Iraqi President in Riyadh

Iraqi President in Riyadh

Saturday, 17 November, 2018 - 10:15
Abdulrahman Al-Rashed
Abdulrahman Al-Rashed is the former general manager of Al-Arabiya television. He is also the former editor-in-chief of Asharq Al-Awsat, and the leading Arabic weekly magazine Al-Majalla. He is also a senior columnist in the daily newspapers Al-Madina and Al-Bilad.
The aspirations of Iraq and Saudi Arabia for bilateral relations fluctuate wildly from a high of hoping for comprehensive cooperation to a low of simply acceptance of traditional diplomacy. The visit to Riyadh by new Iraqi President Dr. Barham Salih comes at a time when there is a need for relations to be reinvigorated to reflect a shift in the situation regionally, as well as internally within Iraq.

Salih’s first official engagement since his election by the Iraqi parliament is a tour of the Gulf, and his visit to Riyadh marks the grand conclusion. The Kingdom would have been the first stop on the tour, one of the Iraqi president’s assistants said, had it not been for previously scheduled visits by King Salman to the regions of Saudi Arabia. Thus Salih arrives in Saudi Arabia with a good understanding of the latest political positions of Iraq’s neighboring states.

The era of the new Iraqi presidency has begun and it calls for optimism in order to complete the journey and cross the bridge over the abyss infested with the mines of Iran, Syria and terrorism. It is an abyss, thankfully, that the previous presidency managed to avoid. Salih seeks the solidarity of neighboring countries, as well as their respect for his nation’s sovereignty and territorial integrity. He does not want Iraq to be a passageway for armies or a battlefield for regional wars.

Indeed, last summer’s crises have shown the variety of challenges facing the new government in Baghdad, over and above Iran’s trans-boundary militias, the Iran-backed Iraqi militias, and the broken Daesh remnants and their escapees who have fled Syria. Aside from all these issues, the former government had to deal with crises that were no less serious, including public outrage about water contamination and power outages. The new government faces the same crises — soiled relations with Tehran and contaminated water — and so it will take a tremendous political effort to provide security, stability and everyday public services, and to start the development process.

Among Iraq’s six neighboring countries, Saudi Arabia is the most capable of helping the Iraqi authorities move toward economic development. In his speech to the latest investment conference, Crown Prince Mohammed bin Salman named Iraq as one of the regional countries expected to enjoy increasing economic success.

Both literally and figuratively, Iraq finds itself stuck between two competing neighbors: Saudi Arabia and Iran.
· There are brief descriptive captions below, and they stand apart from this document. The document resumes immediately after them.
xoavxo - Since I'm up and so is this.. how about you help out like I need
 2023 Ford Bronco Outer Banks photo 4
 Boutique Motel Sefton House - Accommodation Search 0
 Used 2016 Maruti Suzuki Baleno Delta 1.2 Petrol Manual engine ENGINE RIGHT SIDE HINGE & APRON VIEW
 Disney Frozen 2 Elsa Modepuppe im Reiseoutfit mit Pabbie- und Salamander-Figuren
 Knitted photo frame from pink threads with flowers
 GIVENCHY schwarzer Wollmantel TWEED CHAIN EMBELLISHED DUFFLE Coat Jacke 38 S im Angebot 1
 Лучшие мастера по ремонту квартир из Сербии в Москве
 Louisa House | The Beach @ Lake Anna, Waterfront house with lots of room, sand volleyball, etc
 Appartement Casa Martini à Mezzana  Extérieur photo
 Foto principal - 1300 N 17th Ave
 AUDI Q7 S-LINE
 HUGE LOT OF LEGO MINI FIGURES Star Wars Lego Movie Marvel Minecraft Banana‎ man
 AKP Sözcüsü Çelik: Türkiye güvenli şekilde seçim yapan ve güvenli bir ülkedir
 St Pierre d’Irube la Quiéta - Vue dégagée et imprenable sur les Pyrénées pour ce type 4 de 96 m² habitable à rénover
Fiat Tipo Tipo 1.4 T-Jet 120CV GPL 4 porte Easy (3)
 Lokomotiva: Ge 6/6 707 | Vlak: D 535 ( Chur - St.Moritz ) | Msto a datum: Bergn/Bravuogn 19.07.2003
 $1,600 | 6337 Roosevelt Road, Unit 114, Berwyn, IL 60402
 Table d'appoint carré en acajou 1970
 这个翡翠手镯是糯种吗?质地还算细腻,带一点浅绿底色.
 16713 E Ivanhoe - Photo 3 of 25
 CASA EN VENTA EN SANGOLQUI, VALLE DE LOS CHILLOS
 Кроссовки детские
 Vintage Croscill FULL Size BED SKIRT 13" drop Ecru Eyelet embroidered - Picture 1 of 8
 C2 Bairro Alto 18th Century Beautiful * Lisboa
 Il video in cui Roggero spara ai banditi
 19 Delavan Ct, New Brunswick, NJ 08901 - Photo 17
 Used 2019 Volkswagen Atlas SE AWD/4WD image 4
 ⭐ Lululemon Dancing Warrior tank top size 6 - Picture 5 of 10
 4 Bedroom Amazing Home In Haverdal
The tripartite relationship among Riyadh, Baghdad and Tehran is tangled and complex. It remains to be seen how senior officials in Iraq decide they want to define this relationship and deal with the two governments. Furthermore, both the Saudis and the Iranians consider Iraq to be a geopolitical extension and a first line of defense, and believe it could be a source of stability as well as instability.

However, despite the similarities in their visions, the differences are clear in the conflicting practices of Iraq’s neighbors. Saudi Arabia wants Iraq to be its passage to Syria, Turkey and Central Asia, through which buses of pilgrims, food trucks and industrial products can pass. Iran wants to use Iraq as a “highway” for the transportation of militants and arms, and of funding for its wars in the region.
Riyadh wants Iraq to be stable and successful, which is how it views Egypt, so that it can put pressure on Baghdad to secure its borders and enjoy a thriving trade relationship.

The Iranian regime wants Iraq to remain a “milking cow,” so it can continue to challenge Western economic sanctions and fund the activities of Quds Force, Hezbollah and others in Syria and Lebanon. These are the practices of the Iranian supreme leader’s regime in Afghanistan and Pakistan, to which it exports chaos, militants and weapons.

Saudi Arabia can be a major economic partner that contributes to Iraq’s recovery and enhances the stability of its central authority, rather than allowing it to fall under the control of Iran’s warlords. Later, Iraq might be able to play a role, post-US economic sanctions, by pushing Tehran toward moderation instead of opening the borders to allow it to destroy countries and wage wars.

President Barham Salih has had a distinguished political and government career and we have known him to be a symbol of a united and modern Iraq. He has a clean political history, clear of sectarian and ethnic conflicts, and most of his ideas have been implemented as development, education and coexistence projects on the ground.

I had the privilege of working closely with him on the board of trustees of the American University of Kurdistan, which opened its doors to all Iraqis and continued to operate during the peak of terrorism and local conflicts.